Africa Deserves To Manufacture

In a sane world, this map would bring about a rapid realignment of forces. Manufacturing and installing these solar panels is the next industrial revolution all on its own.

Quagmire in the Sahara: Desertec's Promise of Solar Power for Europe Fades
Supporters hailed the Desertec Industrial Initiative as the most ambitious solar energy project ever when it was founded in 2009. Major industrial backers pledged active involvement, politicians saw a win-win proposition and environmentalists fawned over Europe's green energy future. For a projected budget of €400 billion ($560 billion), the venture was to pipe clean solar power from the Sahara Desert through a Mediterranean super-grid to energy-hungry European countries. ..... Spain recently balked at signing a declaration of intent to connect high-voltage lines between Morocco and the rest of Europe.

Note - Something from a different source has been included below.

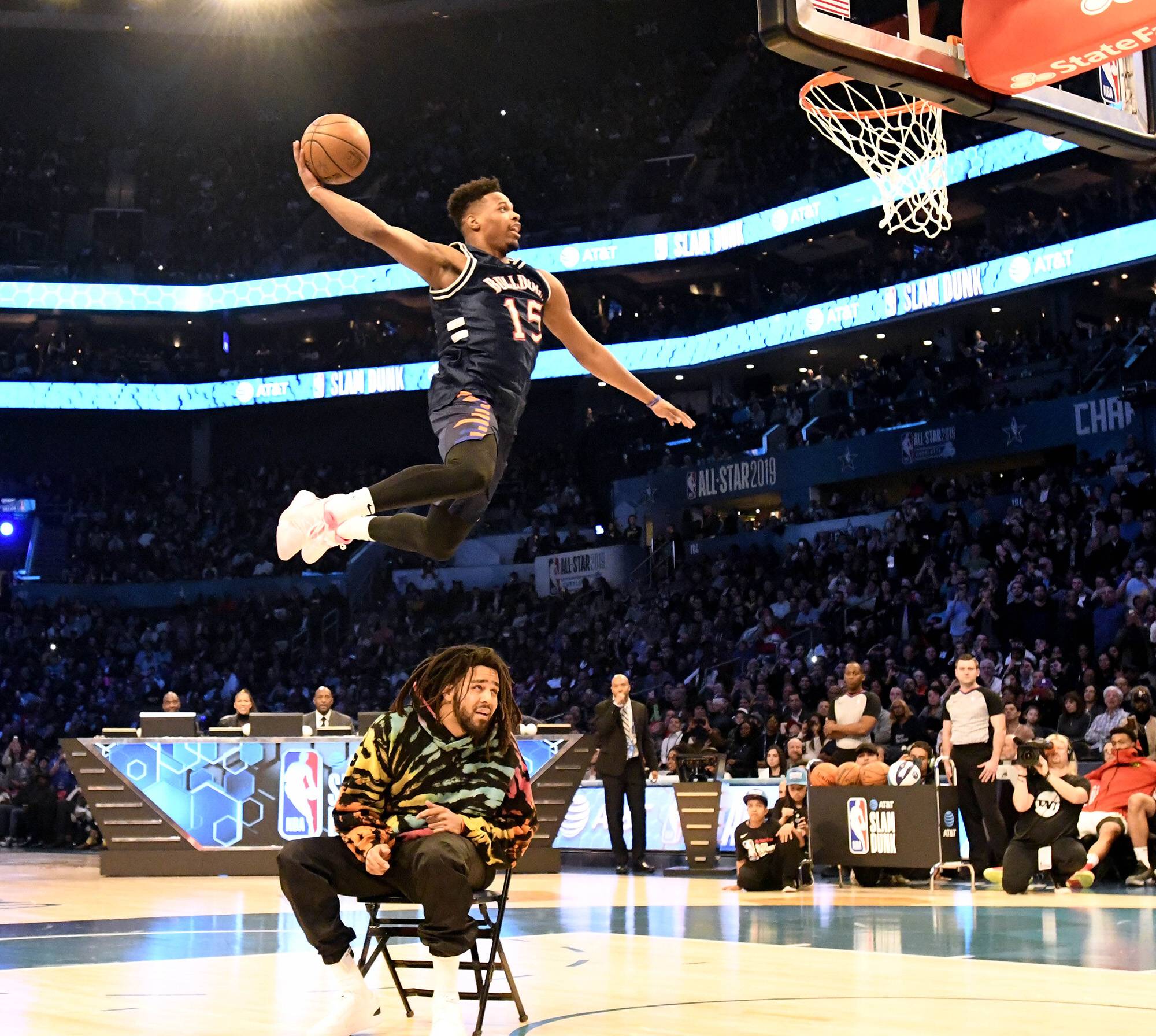February 16, 2019 - Charlotte, NC, USA - The New York Knicks Dennis Smith Jr., dunks over entertainer J. Cole, after Cole threw the ball up in the air, during the AT&T Slam Dunk Contest at Spectrum Center in Charlotte, N.C., on Saturday, Feb. 16, 2019. AT&T Slam Dunk Contest  - ZUMAm67_ 20190216_zaf_m67_078 Copyright: xDavidxT.xFosterxIiix
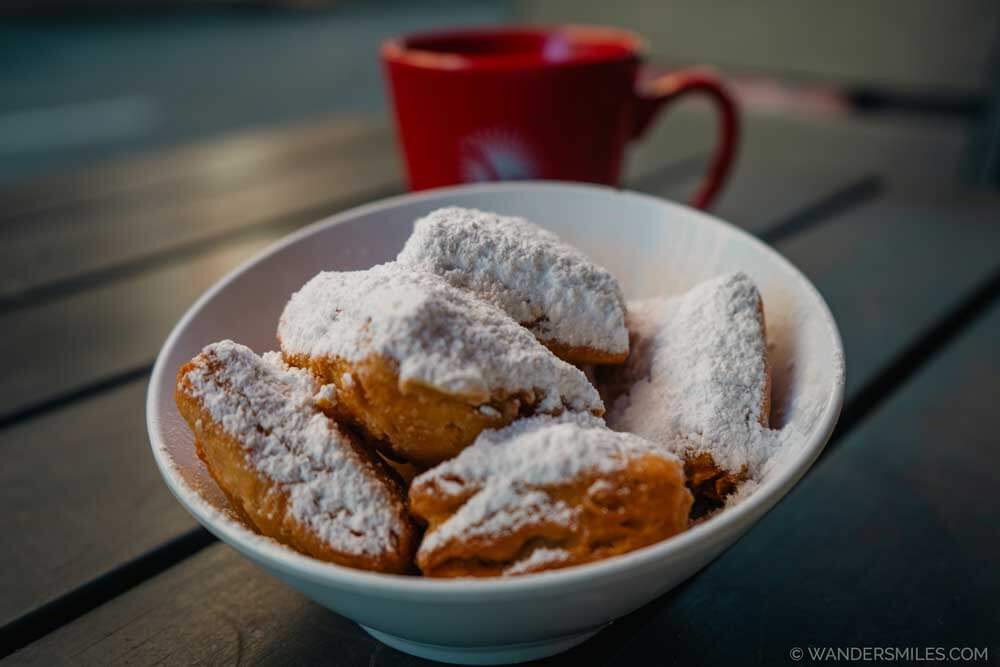 Bowl of Beignets, deep-fried pastries with a heavy dusting of icing sugar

In recent weeks, two of the biggest industrial supporters at the founding of the initiative, Siemens and Bosch, backed out. And perhaps most tellingly, though last week's third annual Desertec conference was held in Berlin's Foreign Ministry, not a single German cabinet minister bothered to attend. .... Political backing for energy from the desert, in other words, is evaporating. ...... For all the initial enthusiasm, countries have been hesitant about plunging into a large, cooperative grid in Europe, North Africa and the Middle East. ....... "We should say we're closing the whole thing down because we have no political support." ...... Renewable energy projects remain more expensive than traditional fossil fuel plants and tend to require government subsidies. And Desertec is an order of magnitude larger and more complicated than the offshore wind parks currently under construction in the North Sea. The idea is to generate a significant percentage of Europe's energy needs using solar thermal plants in sunny North Africa and then transmitting that power via an ultramodern grid across the Mediterranean. ....... Part of the problem is historical distrust. No country wants to import electricity and energy security is often at the top of national objectives. ....... Exporting the green power involves connecting the countries with the sun to consumer countries like Germany by way of long-distance high-voltage power lines. That is expensive, and any country that is to be part of the proposed new grid, like Spain, can throw a wrench in the works.